Ahmad M Alamri, Keunsoo Kang, Svenja Groeneveld, Weisheng Wang, Xiaogang Zhong, Bhaskar Kallakury, Lothar Hennighausen, Xuefeng Liu and Priscilla A Furth
The impact of different culture conditions on biology of primary cancer cells is not always addressed. Here, conditional reprogramming (CRC) was compared with mammary-optimized EpiCult-B (EpiC) for primary mammary epithelial cell isolation and propagation, allograft generation, and genome-wide transcriptional consequences using cancer and non-cancer mammary tissue from mice with different dosages of Brca1 and p53. Selective comparison to DMEM was included.
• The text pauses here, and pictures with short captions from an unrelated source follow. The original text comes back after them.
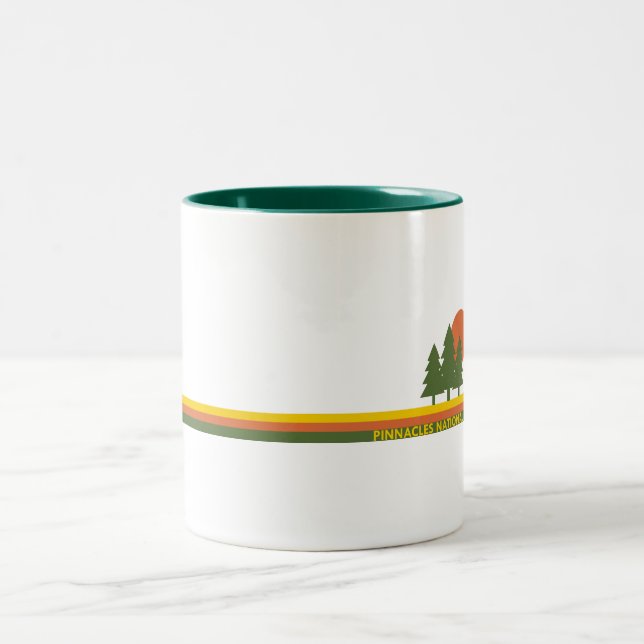Pinnacles National Park Pine Trees Sun Two-Tone Coffee Mug (Center)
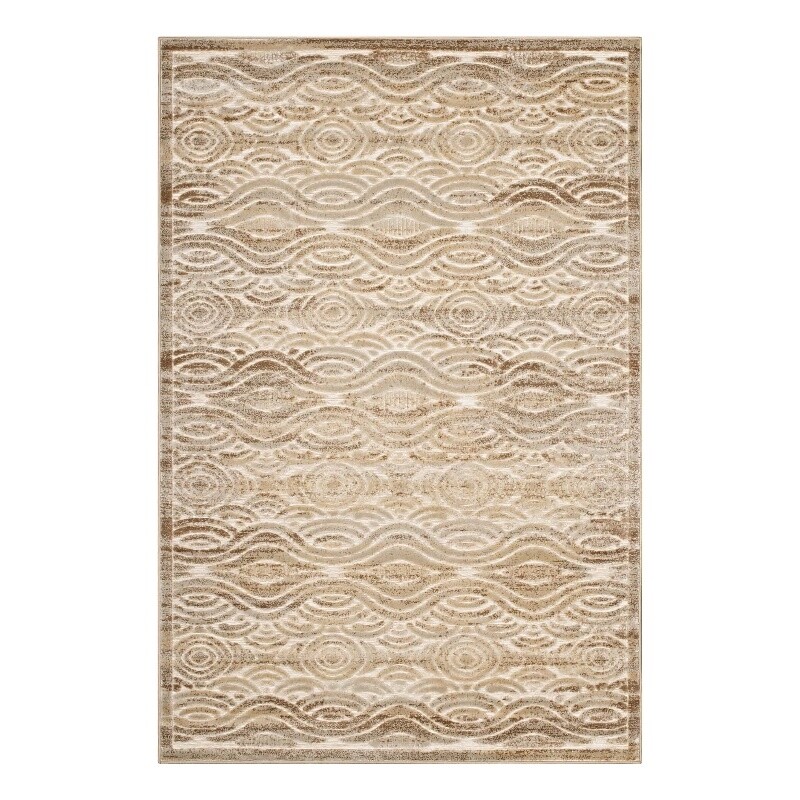 Kennocha Rustic Vintage Abstract Waves 5×8 Area Rug in Tan and Cream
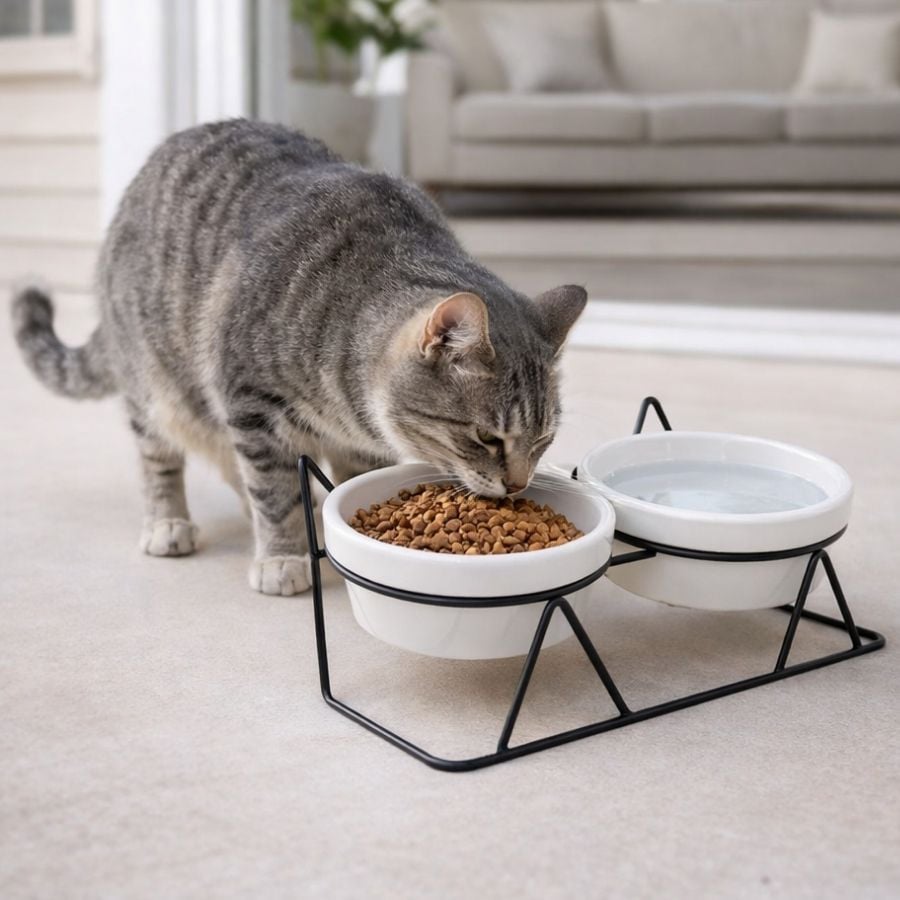 Leeby Comedouro Duplo de Cerâmica Branco para gatos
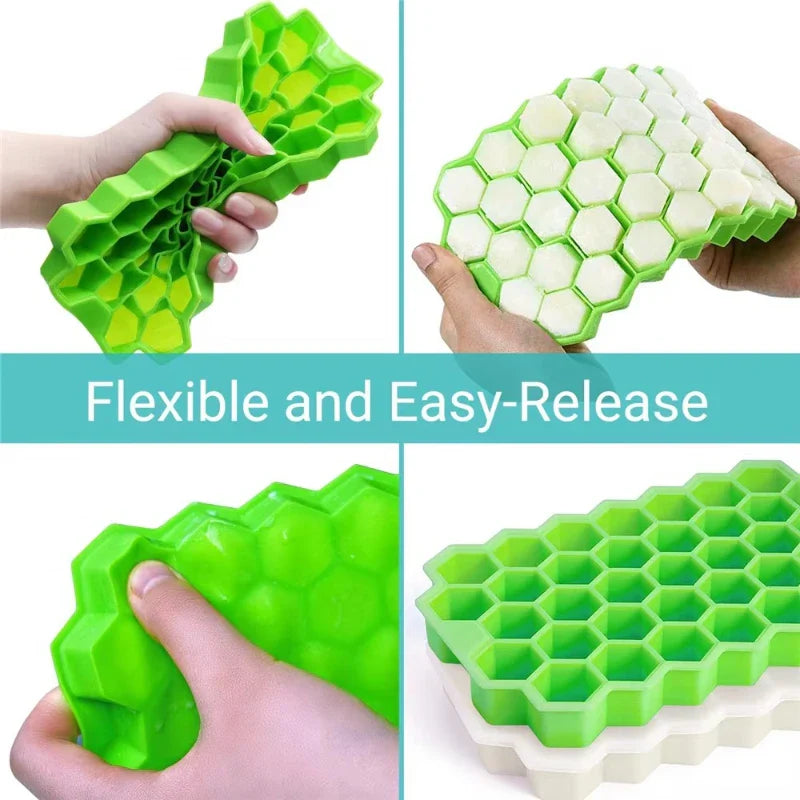 Axyaa Silicone Honeycomb Ice Mold with Lid for Cocktails & Whiskey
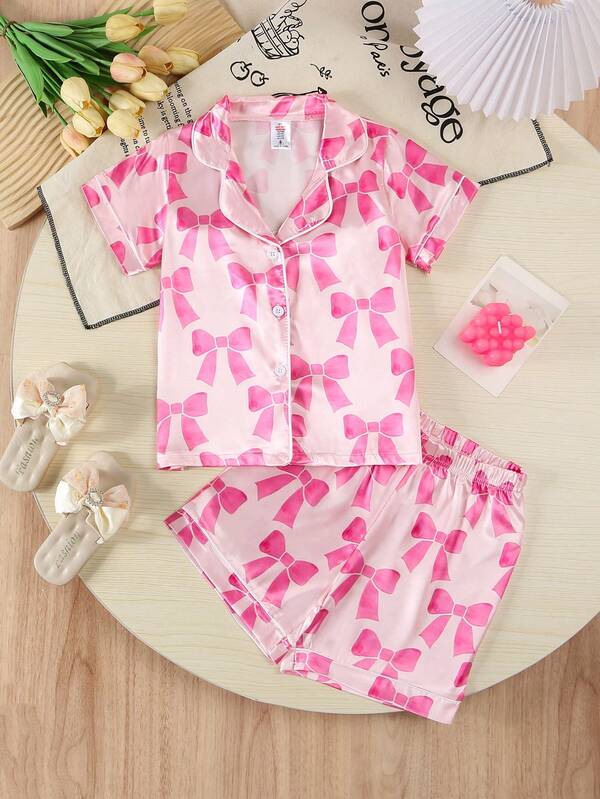 Young Girl Cute Bow Printed Short Sleeve Top And Shorts Set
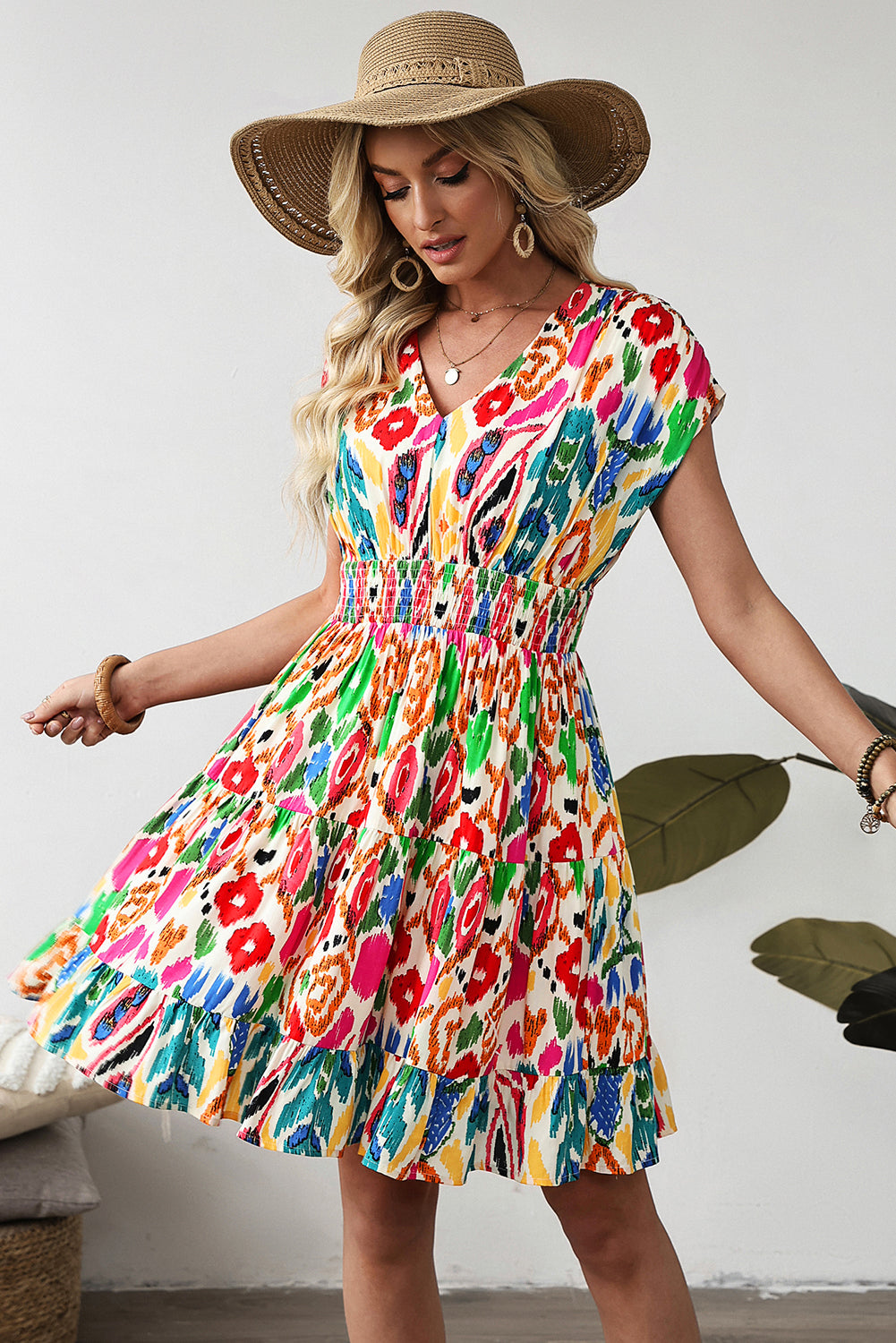 Abstract Print V-Neck Dolman Sleeve Ruffle Tiered Mini Dress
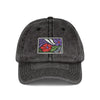 Vintage Embroidered Floral Patch Cap Hats Printify One size Black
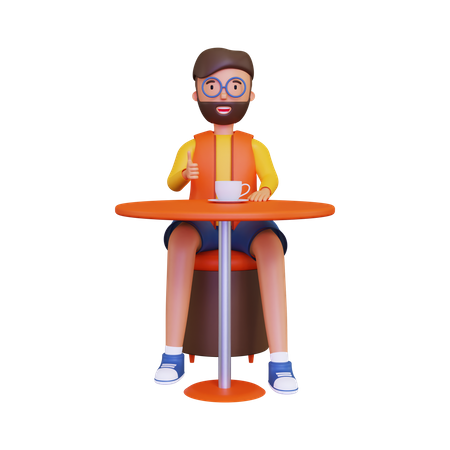 Man enjoying coffee in cafe  3D Illustration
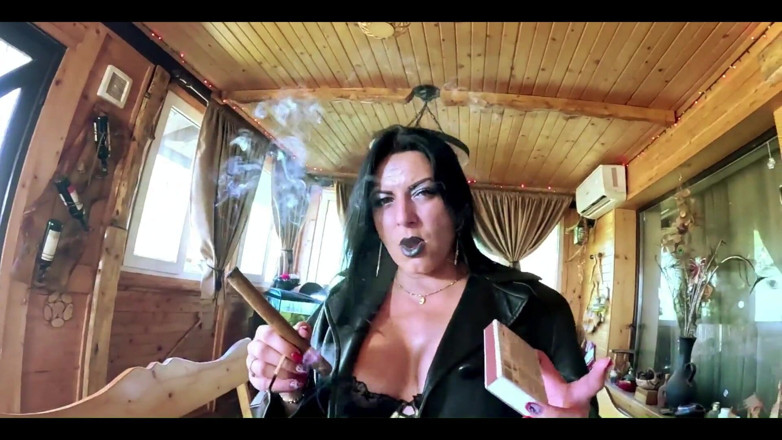 MILFy Calla: Amazon Smoking MILF in Leather. Big Cigar Blowjob, Doggy and...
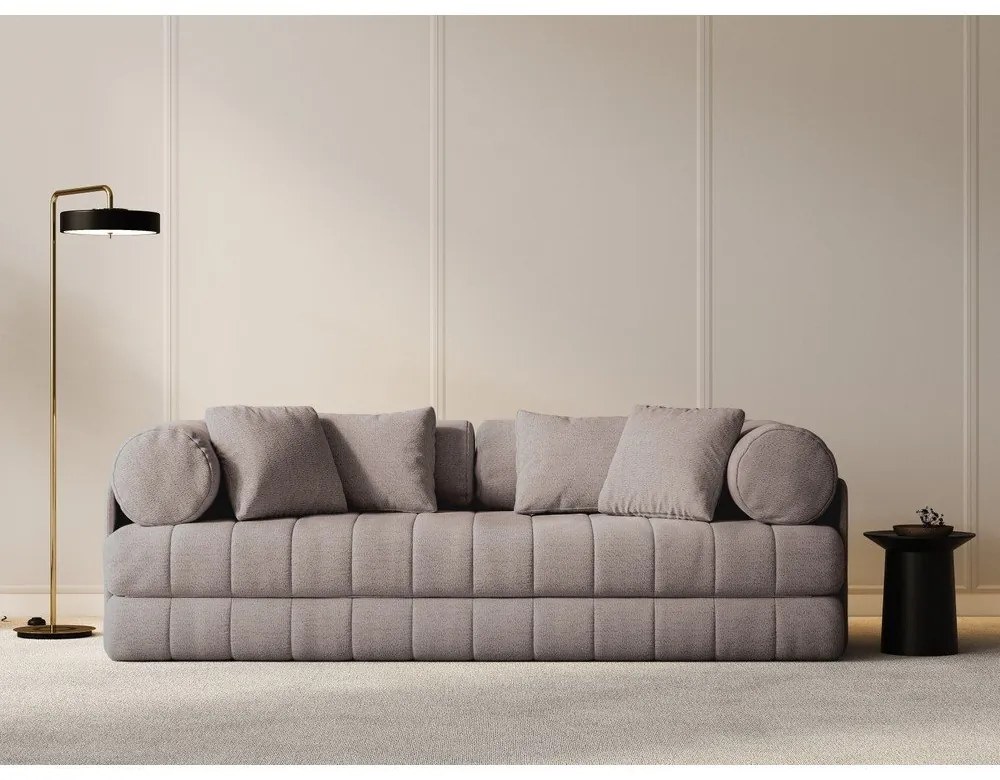 Sivobéžová rozkladacia pohovka z textílie buklé 206 cm Kemi – Cosmopolitan Design
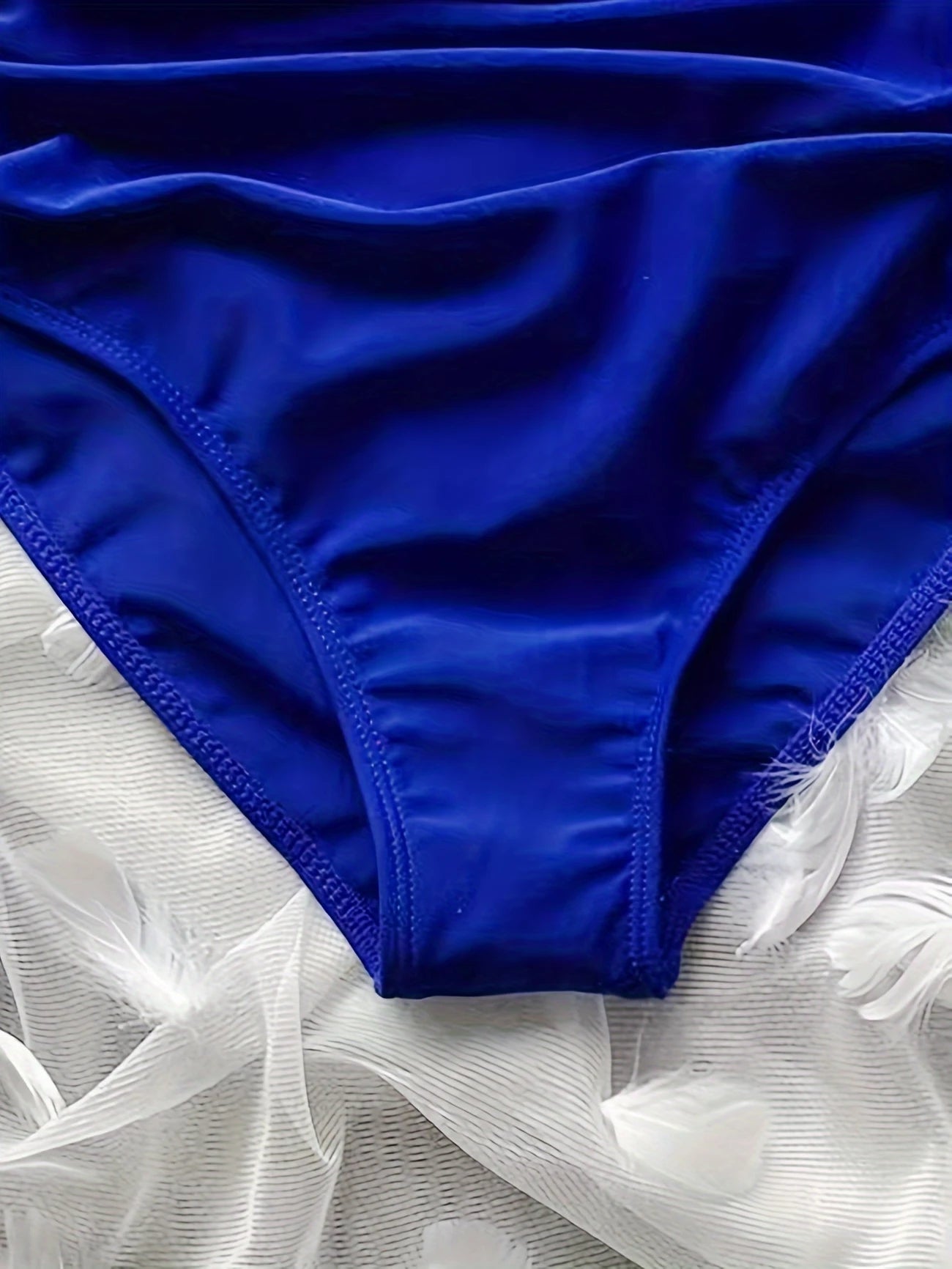 Bas de Bikini Femme Taille Haute Froncée – Effet Ventre Plat, Confort & Élégance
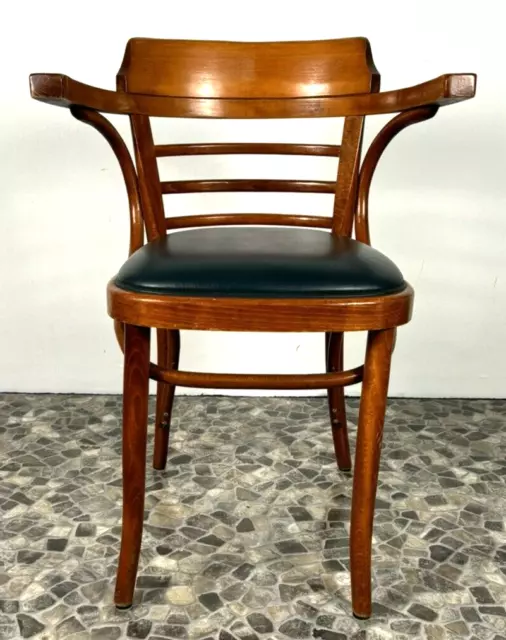 1 von 3 Armlehnstuhl Kaffeehaus Stuhl Art Deco Leder Thonet Stil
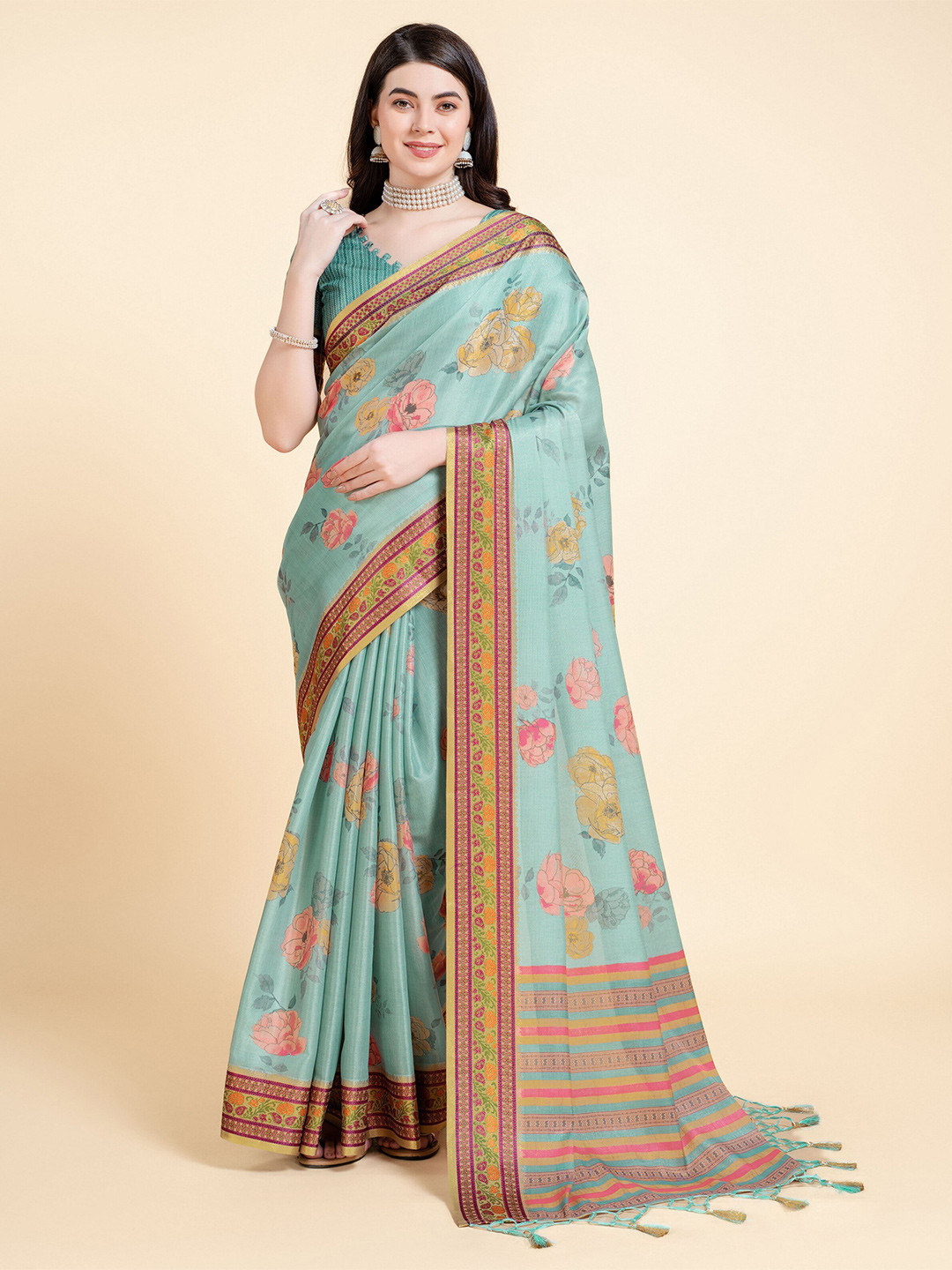 Mitera Floral Woven Design Kanjeevaram Tissue Silk Saree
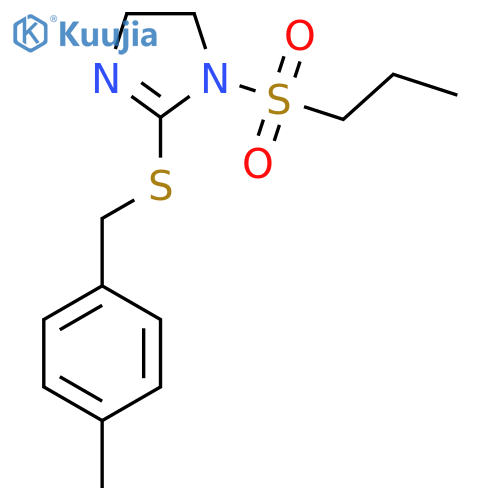 2-{(4-methylphenyl)methylsulfanyl}-1-(propane-1-sulfonyl)-4,5-dihydro-1H-imidazole structure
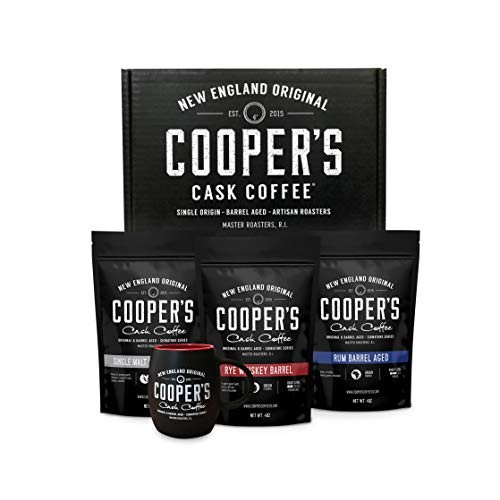 Whiskey Rum Barrel Aged Coffee Whole Bean, Mug Box Set, Gift Box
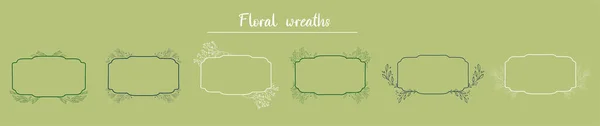 Flourish Laurel Wreaths Your Designs Logo Templates Set Hand Drawn — Stockvector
Primary cultures were established with all three media, but CRC was most efficient for initial isolation (P<0.05). Allograft development was faster using cells grown in EpiC compared with CRC (P<0.05). Transcriptome comparison of paired CRC and EpiC cultures revealed 1700 differentially expressed genes by passage 20. CRC promoted Trp53 gene family upregulation and increased expression of epithelial differentiation genes, whereas EpiC elevated expression of epithelial–mesenchymal transition genes. Differences did not persist in allografts where both methods yielded allografts with relatively similar transcriptomes. Restricting passage (<7) reduced numbers of differentially expressed genes below 50. In conclusion, CRC was most efficient for initial cell isolation but EpiC was quicker for allograft generation. The extensive culture-specific gene expression patterns that emerged with longer passage could be limited by reducing passage number when both culture transcriptomes were equally similar to that of the primary tissue. Defining impact of culture condition and passage on the transcriptome of primary cells could assist experimental design and interpretation. For example, differences that appear with passage and culture condition are potentially exploitable for comparative studies targeting specific biological networks in different transcriptional environments.